Repository files navigation

esp-ha-speech: Local Speech Recognition on an ESP32

This repository provides the codes to do hot-word detection and speech recognition on an ESP32, fully on-device!

(Based on the Espressif example in esp-box)

This project is still in its infancy, but already it can do hotword detection, speech recognition, and sending speech to Home Assistant. At the moment the hotword is set to "Hi, ESP". The speech commands are fully customisable and can be added using MQTT. Text processing is handled either by Home Assistant's built-in text conversation integration, or by Rhasspy.

IMG_0015.mp4

Getting started

Prerequisites

  1. Home Assistant (>=2023.3)
  2. ESP-BOX
  3. MQTT
  4. Rhasspy (optional)

To get started please copy secrets_template.h to secrets.h and edit the variables in there. After that you can flash your ESP-BOX using esptool. I recommend using the Visual Studio Code ESP-IDF plugin as it installs all the required programs for you and flashed the device seamlessly.

Managing voice commands

As of now voice commands can be sending MQTT messages to the esp-ha-speech/config/add_cmd topic. As data you should provide a json like this: {"text": "<your voice command>", "phonetic": "<phonetic voice command", "siteId": "<your-siteId>"}. The text entry is the command you would like to send to Home Assistant/Rhasspy for recognition. The phonetic entry is the phonetic version of it. This phonetic version can be generated using the following python command python esp-ha\managed_components\espressif__esp-sr\tool\multinet_g2p.py -t <your voice command>. siteId is used to seperate different esp32s, so you can for example have one in the living room and one in the kitchen and they will only listen to the messages meant for that device.
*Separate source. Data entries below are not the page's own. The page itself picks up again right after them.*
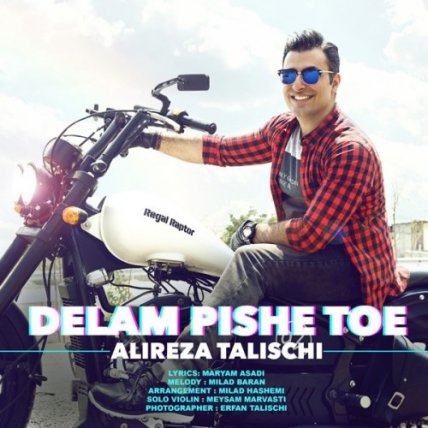 Delam Pishe Toe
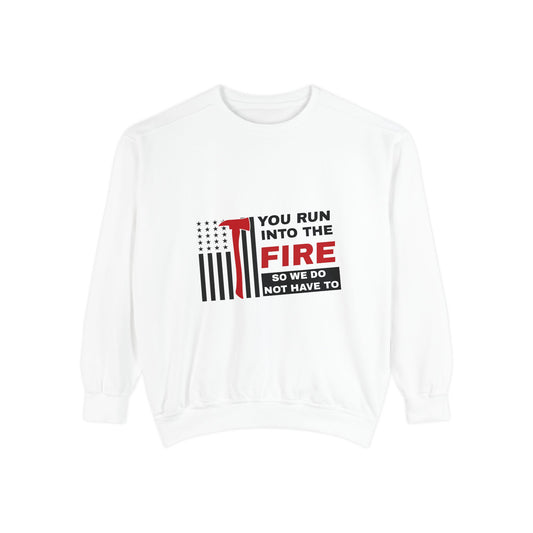 Firefighter Unisex Garment-Dyed Sweatshirt – You run into the fire, so we do not have to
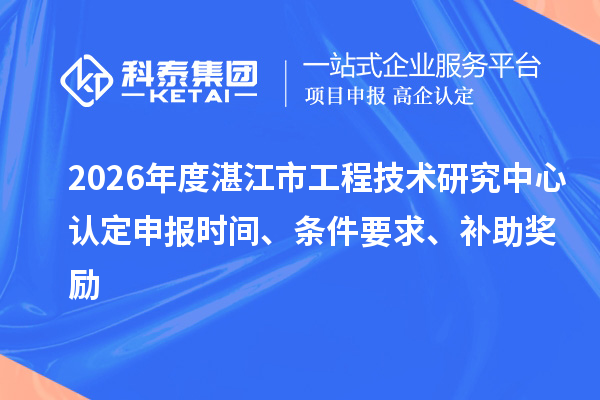 2026年度湛江市工程技術研究中心認定申報時間、條件要求、補助獎勵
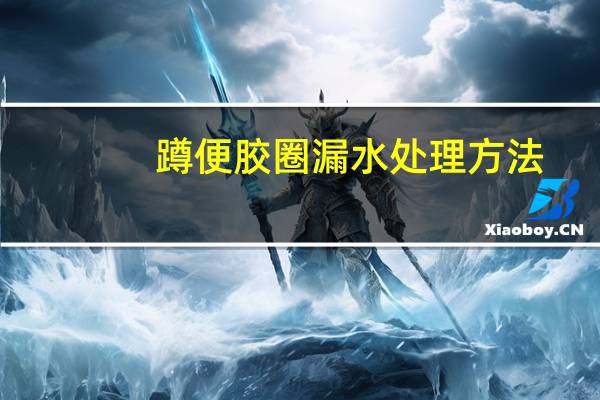 蹲便胶圈漏水处理方法
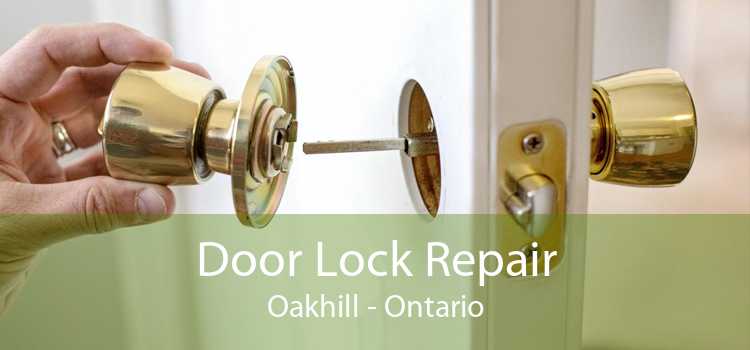 Door Lock Repair Oakhill - Ontario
Another option to add commands is to use the convenience script configure_sites.py. To get started create a sites.yaml file from the sites_template.yaml file. Most options are straightforward but note that under the sites tag multiple sites (or satellites) can be configured, each with their own set of devices. The Python script will fetch intent templates from the Home Assistant intents repo, it will then create some sentences and phonemes for the given entities and send to each site. At the moment this only supports turning on and off entities under the 'lights' tag.

To delete all existing commands send an MQTT message to esp-ha-speech/config/rm_all with payload {"confirm": "yes", "siteId": "<your-siteId>"}. Note that there are now no voice commands in the system, thus trying to invoke the wake word will result in a crash.